SAM MCCAIG: You want intensity? Excitement? Passion? A sense of anticipation that magnifies every play? You want to sit on the edge of your seat for maybe five minutes or five hours, living and dying with every 3-on-2 and glove save and bad bounce? You want to jump up and scream and plead and cheer until you finally cry exhausted tears of double-deflection joy?
Then watch NHL playoff hockey and pray the score is tied after 60 minutes. And 100 minutes. And on and on, until endurance prevails.
Overtime should remain the same full-team game and playoff-marathon microcosm it has always been, challenging the extreme limits of clubs’ depth and heart and skill and stamina.
What are the options, anyway? Going 5-on-5 and then “tweaking” it to 4-on-4 after the first overtime? (First of all…tweak this.) Give that five years, and then watch the NHL slide down the slippery slope to 3-on-3 after the second overtime – and then it’s just one more quick tumble down to the gimmicky shootout. Never happen, you say? Regular season OT started out 5-on-5, went to 4-on-4, and then, in this Internet age of instant gratification, introduced the integrity-less shootout.
Other equally hollow arguments against 5-on-5 are that multiple overtimes take “too long,” the hockey gets “boring” and viewers “fall asleep.”
First of all, the “too long” and “boring” arguments are invalid because they’re totally subjective – one fan’s boring is another fan’s bombastic. If you care at all about either team, overtime is an agony-ecstasy shot of adrenaline.

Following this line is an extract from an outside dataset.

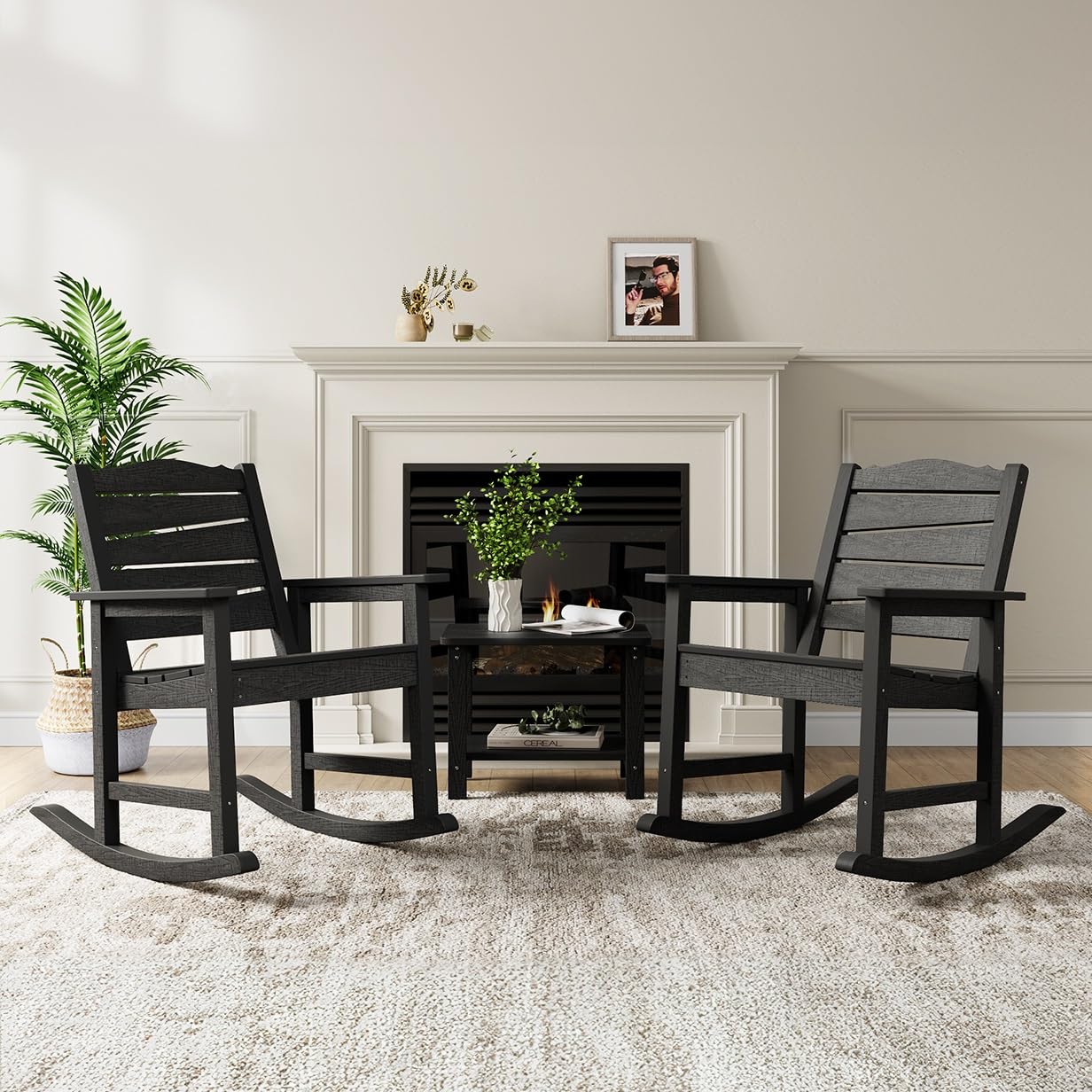 LAHAAP Weatherproof Patio Rocking Chair, HIPS Outdoor Rocking Chair for Adults, 400LBS Support Heavy Duty Porch Rocking Chairs for Garden, Lawn, Backyard, Outdoor and Indoor (Black)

Maybe the Stars-Devils overtime games in the 2000 final weren’t a-chance-a-minute, but here’s betting Jason Arnott’s double-OT Cup-winning goal is still burned into countless brains in New Jersey. (And don’t forget, it came two days after Mike Modano scored in triple OT to extend the series.)
As far as the “too sleepy” argument…are you kidding? If you’re sleepy, do what babies do: sleep. But quit cryin’ and don’t ruin it for the rest of us.

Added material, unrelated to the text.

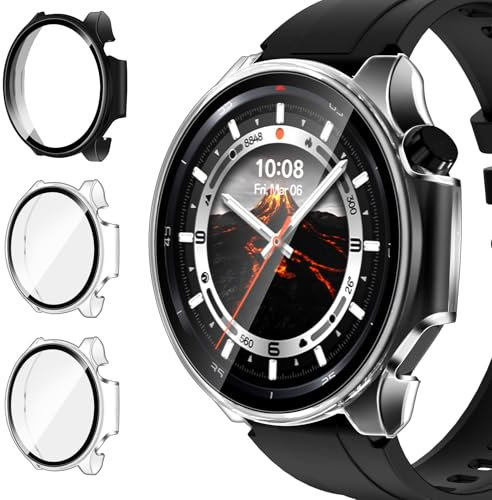 ivoler 3 Piezas Funda para OnePlus Watch 3 47mm / OPPO Watch X2, Protección Completa Protector de Pantalla de Cristal Vidrio Templado Duro PC Anti-arañazos Carcasa, 2 Transparente + 1 Negro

MIKE BROPHY: As I sat there watching the San Jose Sharks and Nashville Predators skate further and further into the wee hours of the morning, with seemingly no end in sight to Game 1 of their opening round series, all I could ask myself was, why?
Why the heck was I still awake when my alarm clock was set for 6:30 a.m.? So I could wake up and start it all over again? When I couldn’t come up with a decent answer, I flipped the game off and went to sleep.

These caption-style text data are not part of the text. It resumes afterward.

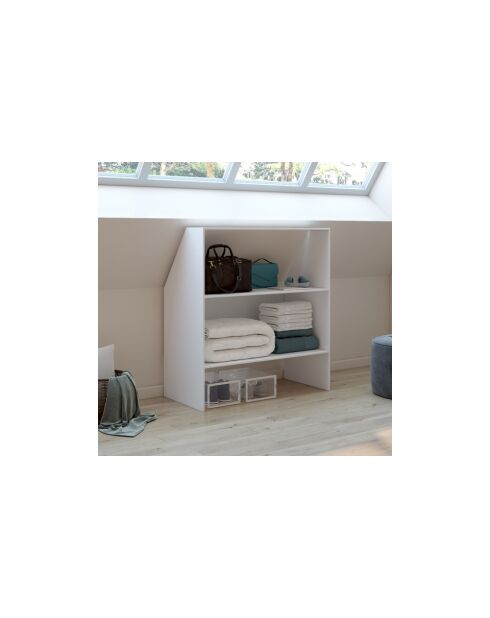 Etagère de rangement sous pente Jeanne blanche - 100 x 50 x 110 cm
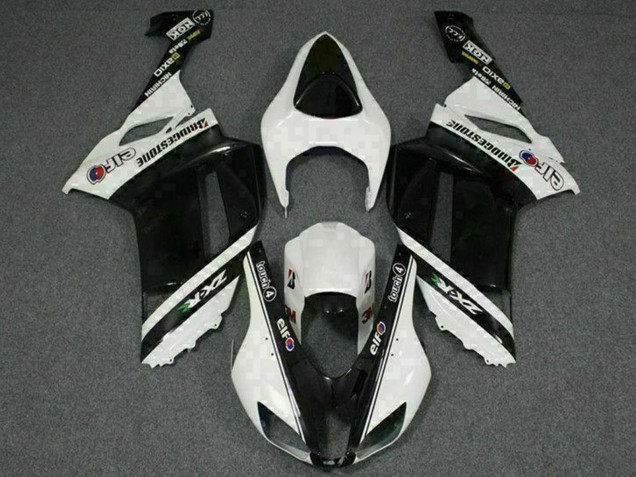 2007-2008 Kawasaki ZX6R Motorcycle Fairings - Black White Elf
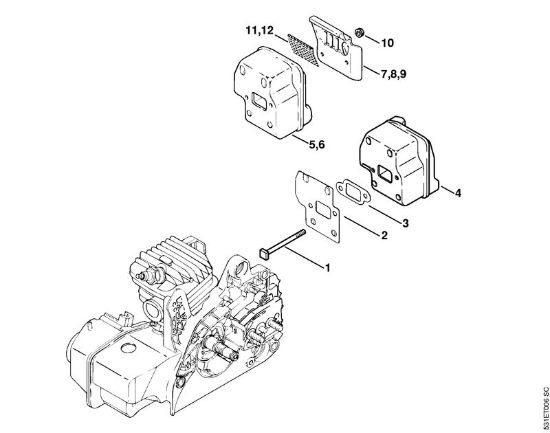 Muffler Gasoline chain saws (MS) MS 250 Stihl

“How could you turn off such an exciting game?” senior editor Brian Costello wondered the following day.
Exciting game?
“Simple,” I said. “I closed my left eye and then I closed my right eye.”
And trust me, I was already halfway to dreamland having suffered through the first overtime period, during which the Predators outshot the Sharks 5-4. Yawn.
The crazy thing is, the Sharks-Predators game wasn’t even the longest game played that night. That honor went to the Vancouver Canucks and Dallas Stars who played an additional 78 minutes and six seconds before Henrik Sedin, of all people, put everybody out of their misery with a goal deep into the fourth OT frame.
So what can we do to end this nonsense? Simple. Play one period of 5-on-5 and then drop it to 4-on-4. No shootout. No removing another player per team after the second overtime period. Just 4-on-4 until the damn thing ends. Four-on-four overtime has become of staple of today’s regular season and while the shootout has been a godsend for eliminating tie games, there is no place for it in the playoffs. Just about everybody agrees with that.
None of this would be an issue if long overtime games were filled with end-to-end rushes and numerous scoring chances. But the majority of games that stretch beyond one overtime period become frightfully boring with an emphasis on defense.